Professor Goura Kishor Rath - All India Institute of Medical Sciences, New Delhi, India


Cancer prevention and treatment in India



India has about a 1.1 billion population, and we have 900,000 new cancer cases in a year. At any time, we will be having 3 million prevalent cases. Every year, 400,000 die due to cancer. The major problem also comes from the fact that 45% of all these cancers are tobacco-related. The people in our country are habituated to tobacco in many forms. They smoke of course, and they chew tobacco, they keep tobacco in their mouth, sleep overnight. Because of all these things 45% of all cancers like cancer of the head and neck region, the lung and stuff like this are tobacco-related. And basically they are preventable cancers.
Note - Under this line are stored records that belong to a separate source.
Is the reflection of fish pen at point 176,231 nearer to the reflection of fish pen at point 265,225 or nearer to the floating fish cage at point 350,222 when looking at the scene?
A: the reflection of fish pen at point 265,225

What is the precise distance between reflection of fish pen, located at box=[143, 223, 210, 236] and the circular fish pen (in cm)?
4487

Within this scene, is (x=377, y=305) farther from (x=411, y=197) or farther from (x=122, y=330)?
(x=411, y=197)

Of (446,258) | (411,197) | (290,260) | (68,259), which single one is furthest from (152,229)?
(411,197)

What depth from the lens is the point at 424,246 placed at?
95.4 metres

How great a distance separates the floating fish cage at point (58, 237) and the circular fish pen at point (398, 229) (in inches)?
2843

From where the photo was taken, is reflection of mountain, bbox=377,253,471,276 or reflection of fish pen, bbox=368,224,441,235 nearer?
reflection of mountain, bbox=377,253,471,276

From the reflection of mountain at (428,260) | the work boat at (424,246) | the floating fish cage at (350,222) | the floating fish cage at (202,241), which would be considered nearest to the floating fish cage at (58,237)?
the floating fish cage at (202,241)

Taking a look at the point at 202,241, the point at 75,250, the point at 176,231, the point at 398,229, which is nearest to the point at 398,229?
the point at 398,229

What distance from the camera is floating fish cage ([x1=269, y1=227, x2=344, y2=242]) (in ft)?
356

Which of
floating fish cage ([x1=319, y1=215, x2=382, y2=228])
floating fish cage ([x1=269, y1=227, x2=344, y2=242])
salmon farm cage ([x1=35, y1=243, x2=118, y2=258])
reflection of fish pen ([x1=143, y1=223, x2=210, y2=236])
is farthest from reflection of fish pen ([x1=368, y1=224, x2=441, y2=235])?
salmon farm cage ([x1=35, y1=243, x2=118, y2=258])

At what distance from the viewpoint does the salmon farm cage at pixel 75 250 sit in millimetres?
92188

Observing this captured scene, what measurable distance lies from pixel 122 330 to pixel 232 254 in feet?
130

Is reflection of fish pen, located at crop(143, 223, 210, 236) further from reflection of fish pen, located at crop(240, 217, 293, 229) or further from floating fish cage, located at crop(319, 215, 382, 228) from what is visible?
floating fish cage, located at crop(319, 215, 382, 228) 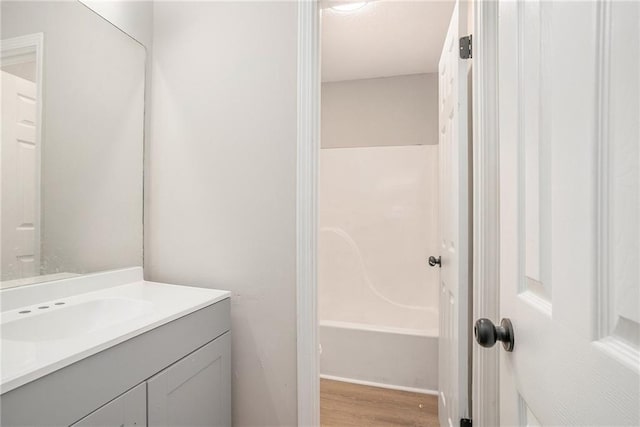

In fact another major problem which I should add here is that about 80% of these cancers out of these 900,000 cancers present in stage three and four, that is also another problem. Only 20% of them present early. We teach our students the formula of 80 and 20, that says that 20% of cancer in our country presents early, out of which 80% can be cured; and 80% present late, out of which only 20% can be cured. That is why cancer is thought to be so bad. It is not actually so bad if they come early.


And we have a national cancer control programme in this country and that programme is running well. The major objectives and aims of this programme, number one is prevention of the preventable cancers, like tobacco-related cancers can be prevented just by stopping tobacco. So that programme is having an effect gradually. The second preventable cancer in our country is cervical cancer. As you know, cervical cancer is a virus-related cancer, HPV16 and 18. And in our ladies, cervical cancer is number one. So what is being done now is health education programmes are being promoted, propagated; we are now trying to propagate hygiene, good personal hygiene, so that you can avoid this HPV16 and 18 contact by these persons.


The second aim of the programme is the early detection of the several early-detectable cancers. I can tell you that almost 60% of cancer can be detected early in our country, and are being detected with this programme. The early cancer of the head and neck region, like tongue, mouth, cheek, breast, cervix, all these cancers can be detected early, so that is the second aim of the programme.


Third is the augmentation of the treatment facilities. Treatment facilities which mainly include the surgery, radiotherapy and chemotherapy are being augmented. And the next aim is the palliative care. Many patients in our country require palliative care so what the plan aims is to provide palliative care on their doorsteps, giving them morphine, practically free of cost, and giving them other facilities which alleviate their pain and symptoms. So these are the major problems.


The problem which we are facing right now is the number, the large number, a population of 1.1 billion, and 900,000 cases. Gradually we are trying to tackle this problem, but it will take some more time until all the problems are tackled.